→ Exercise directions:
Extract only the lines from the start of the entries below to the line with "-海底捞火锅(九久奥特莱斯店)", inclusive; omit every picture.

[Dataset items]
****
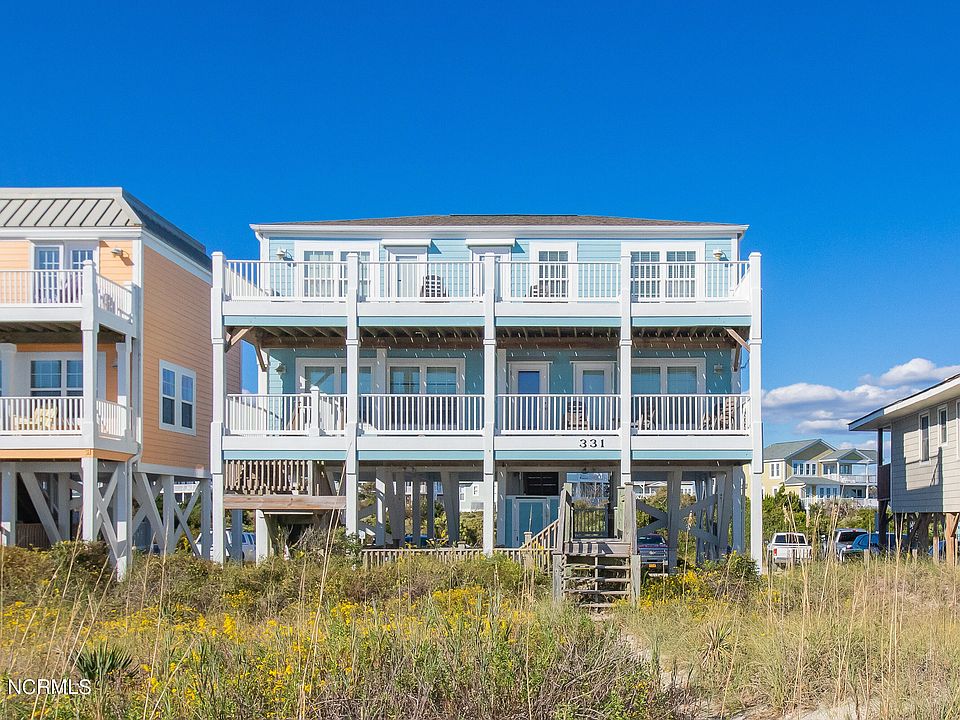 Aquarium for sale in Holden Beach, North Carolina, Facebook Marketplace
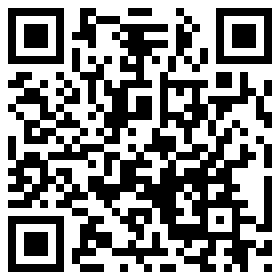 qrcode für Lexel Electric WDE011402 Endrahmen weiß RENOVA/Schneider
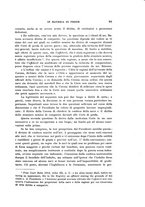 giornale/LO10011321/1916/unico/00000105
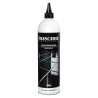 Liquido detergente Frischer FR00218_1000 1 L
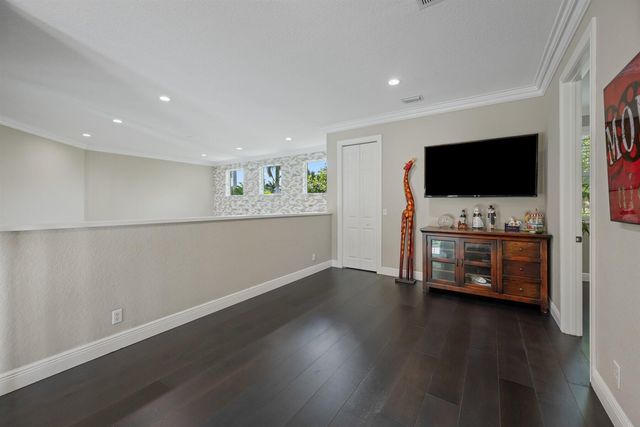 12295 Equine Lane, Wellington, FL 33414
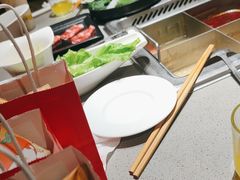 -海底捞火锅(九久奥特莱斯店)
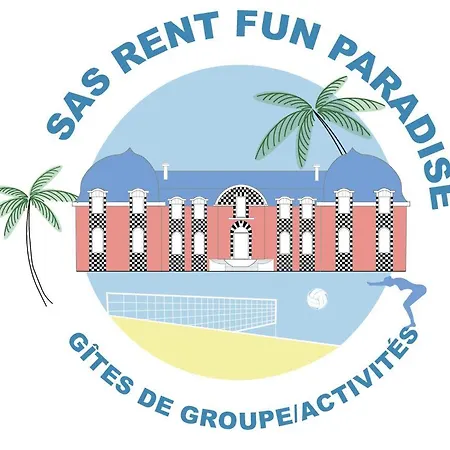 Casa vacanze Maison 200 M2 - Sous Sol - Piscine - 30 Activités *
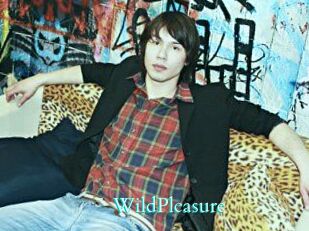 WildPleasure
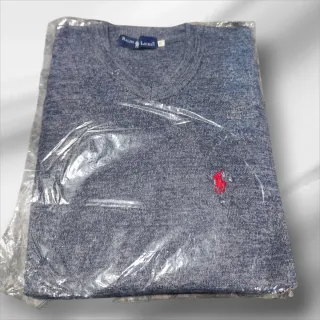 Jerséis Talla M varios colores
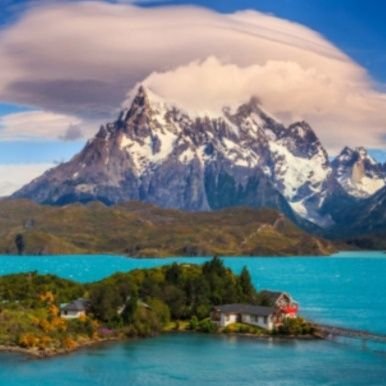 Patagonian_sky's profile picture. 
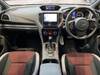 SUBARU IMPREZA SPORTS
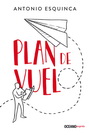 Plan de vuelo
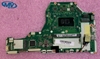 LA-E891P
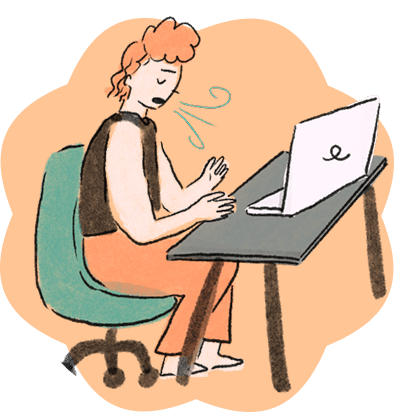A 24-week Group DBT-Skills Course, helping reduce suicidal thoughts and supports individuals in regulating their emotional responses.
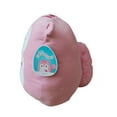 thumbnail image 2 of Squishmallows Official Kellytoy Plush 16 inch Sarah the Pink Squirrel Valentines Edition - Ultrasoft Stuffed Animal Plush Toy, 2 of 6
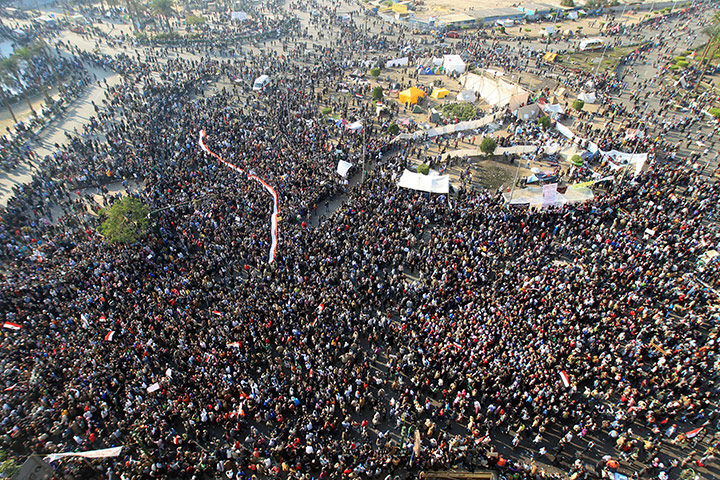 Thousands-of-Egyptians-pr-006.jpg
****
→ Written answer:
 Aquarium for sale in Holden Beach, North Carolina, Facebook Marketplace
 qrcode für Lexel Electric WDE011402 Endrahmen weiß RENOVA/Schneider
 giornale/LO10011321/1916/unico/00000105
 Liquido detergente Frischer FR00218_1000 1 L
 12295 Equine Lane, Wellington, FL 33414
 -海底捞火锅(九久奥特莱斯店)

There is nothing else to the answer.